WHAT TO DO: Excluding every picture, print exactly the lines from the one containing "But Ryan, would" through the end of the material below, both ends included.

PROVIDED MATERIAL:
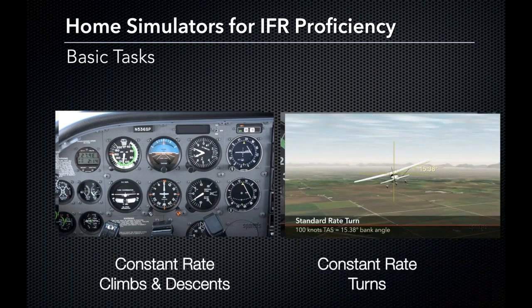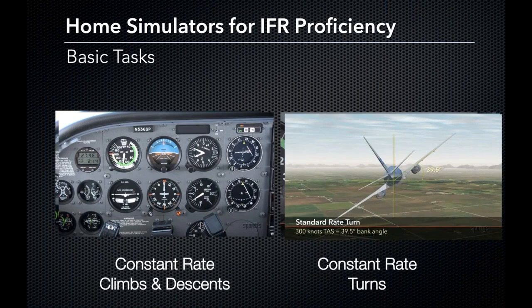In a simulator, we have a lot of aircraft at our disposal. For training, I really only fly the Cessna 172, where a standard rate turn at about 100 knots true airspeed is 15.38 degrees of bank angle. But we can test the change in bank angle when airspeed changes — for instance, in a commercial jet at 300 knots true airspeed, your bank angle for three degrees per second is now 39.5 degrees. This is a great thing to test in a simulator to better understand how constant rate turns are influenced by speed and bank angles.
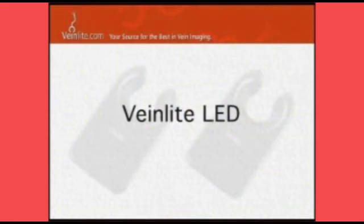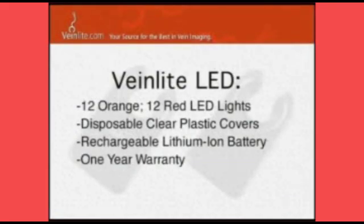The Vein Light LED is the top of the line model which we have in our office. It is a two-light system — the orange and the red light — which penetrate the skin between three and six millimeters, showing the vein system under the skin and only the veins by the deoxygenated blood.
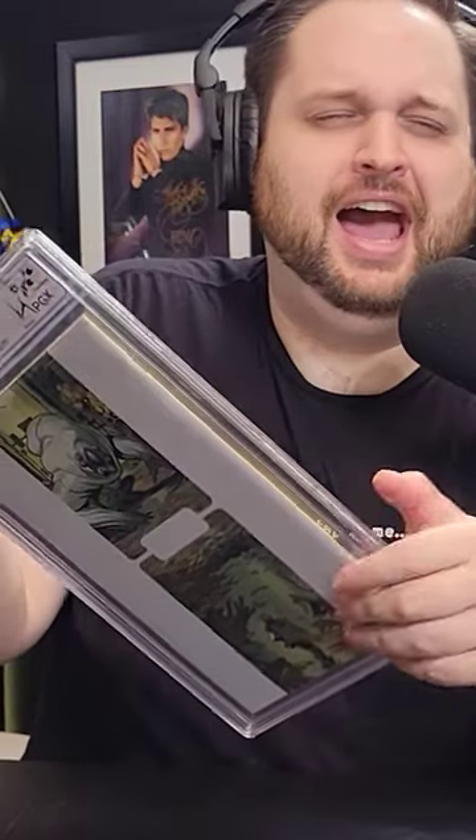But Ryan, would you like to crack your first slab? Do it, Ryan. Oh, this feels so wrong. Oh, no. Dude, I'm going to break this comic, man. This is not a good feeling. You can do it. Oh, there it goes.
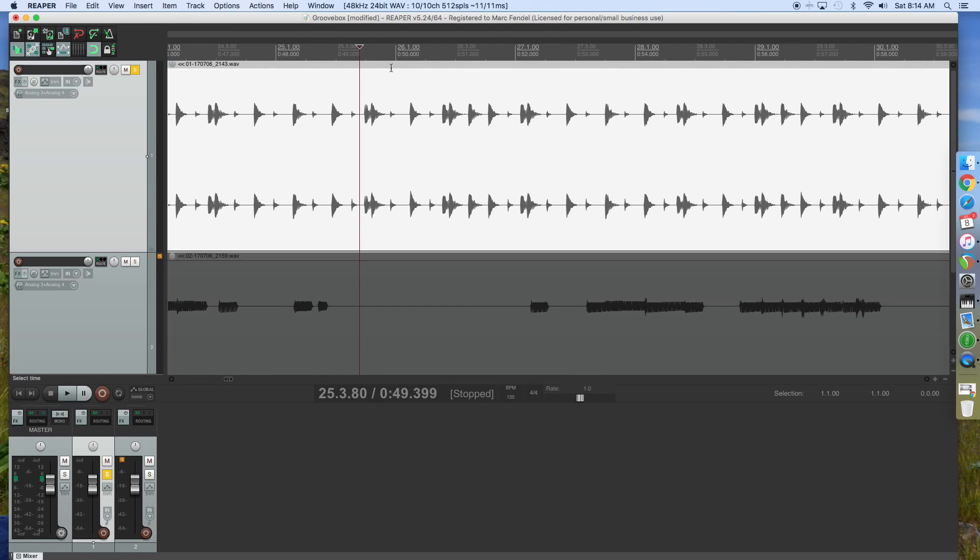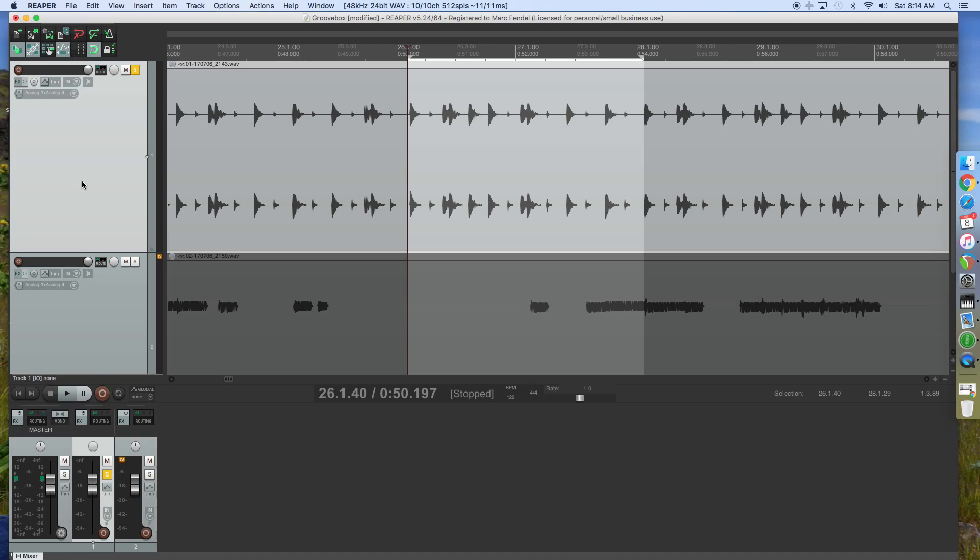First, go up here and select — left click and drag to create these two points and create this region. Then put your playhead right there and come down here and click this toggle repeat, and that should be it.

EXERCISE ANSWER:
But Ryan, would you like to crack your first slab? Do it, Ryan. Oh, this feels so wrong. Oh, no. Dude, I'm going to break this comic, man. This is not a good feeling. You can do it. Oh, there it goes.
First, go up here and select — left click and drag to create these two points and create this region. Then put your playhead right there and come down here and click this toggle repeat, and that should be it.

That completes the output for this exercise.